(ソウル)- 北朝鮮政府は、新型コロナウイルス感染症(Covid-19)を正当化理由として、北部国境沿いの警備を大幅に強化し、移動や貿易の制限をいっそう厳しくしていると、ヒューマン・ライツ・ウォッチは本日述べた。中国およびロシアと北朝鮮との国境について、パンデミックが始まる前と後の衛星画像をさしあたり分析したところ、金正恩・朝鮮労働党総書記を最高指導者とする現政権が取った措置の性格と規模が明らかになった。

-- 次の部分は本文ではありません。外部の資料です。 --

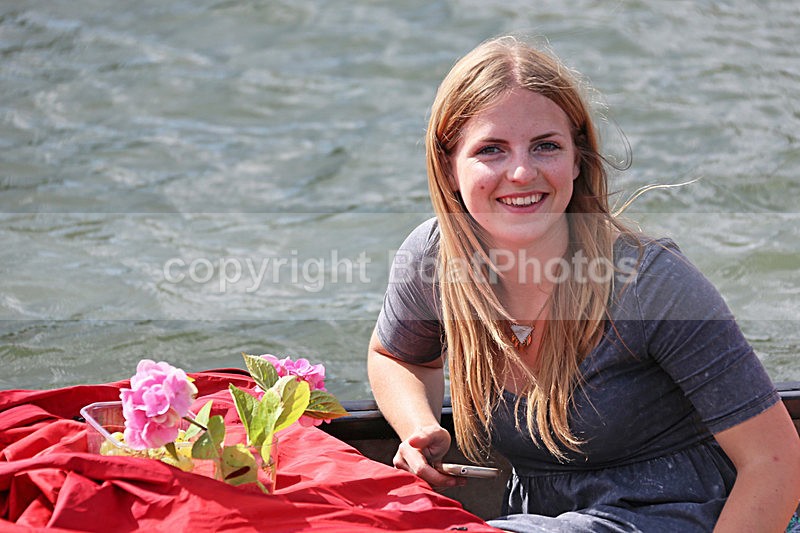 140706 PYRANAH WT7A0262 - HENLEY ROYAL REGATTA - SUNDAY 6th July 2014
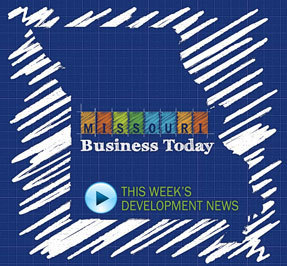 business news today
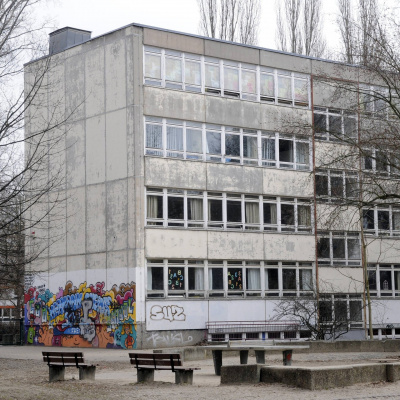 Swr2 Impuls - Wissen Aktuell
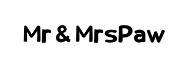 Mrmrspaw Coupons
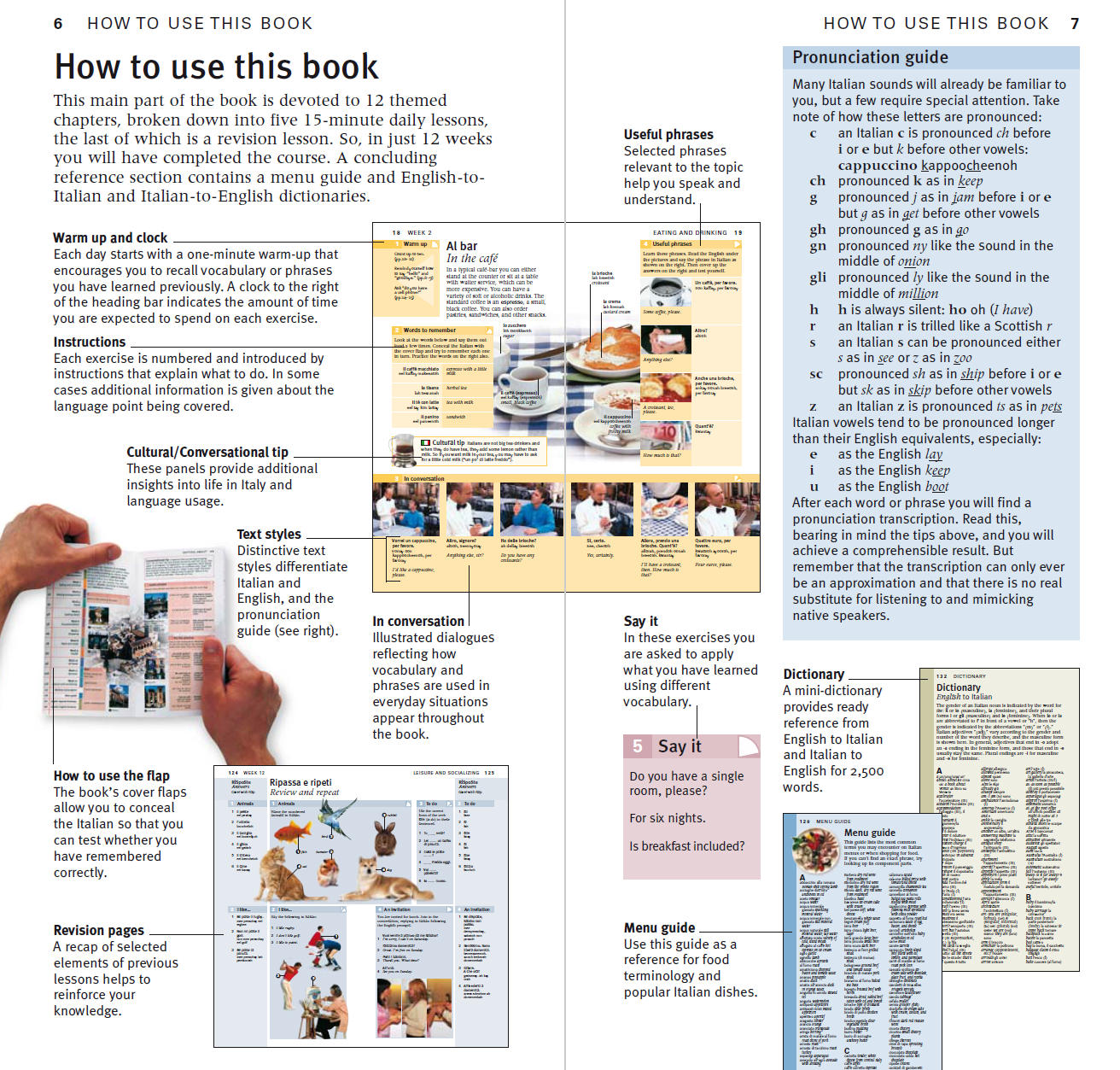 1763131929470392.jpg ScreenShot_2025-11-14_223720_904.jpg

北朝鮮政府当局は2020年1月以降、過剰かつ不必要な新型コロナウイルス感染症対策を実施してきた。新型コロナウイルスの封じ込めに必要だとして、当局は国境沿いのフェンス、監視所、巡回路などのインフラを建設あるいは整備してきた。国境警備の強化により、国境を越える非公式な経済活動はほぼ完全に停止しており、食料、医薬品、その他の必需品が深刻に不足する一因となっている。また、亡命を試みる北朝鮮市民も大幅に減少しており、移動の自由も侵害されている。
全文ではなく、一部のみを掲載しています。